What Would JP Say About Talk Radio Today?
August 17, 2012
The true “Great Voice of the Great Lakes” J.P. McCarthy passed away 17 years ago this month after a more than 30-year career as the top-rated, most listened to radio personality in Michigan. I miss him. I think we all miss him.
McCarthy was National Radio Personality of the Year four times, won the Marconi Award (radio’s “Oscar”), and was inducted into the National Radio Hall of Fame. “But hey, was he a conservative or a liberal?”
“Who cares,” I say.
Talk radio, since J.P.’s passing, has turned into a partisan food fight.
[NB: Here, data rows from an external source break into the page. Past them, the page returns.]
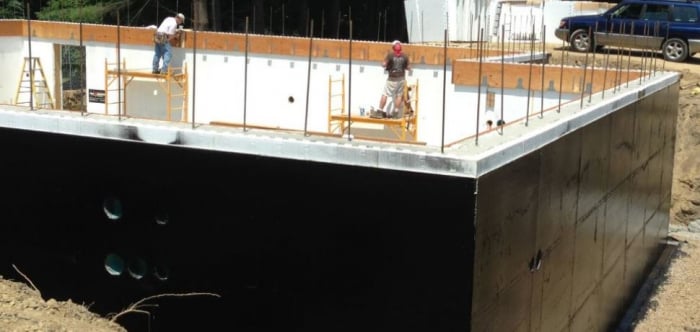 Sistem de constructie din cofraje pierdute din polistiren si beton [13]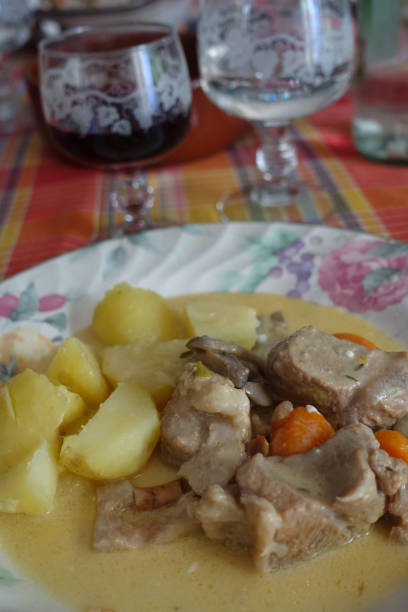 Quel vin servir avec une blanquette de veau ?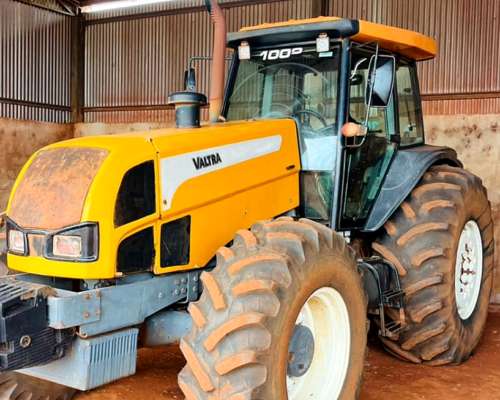 Tractor Valtra BH 180 Perfecto Estado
While McCarthy was a promoter of the Motor City, the Great Lakes State, and the charities for which he is reported to have raised over $50-million, his radio presentation, when it came to politics, was non-partisan. When I authored the best-selling, fundraising biography “J.P. McCarthy – Just Don’t Tell ‘em Where I Am” in 1998, the cover featured endorsements from both Democratic Mayor Coleman Young and Republican Governor John Engler. Was there ever anything else those two were in agreement on?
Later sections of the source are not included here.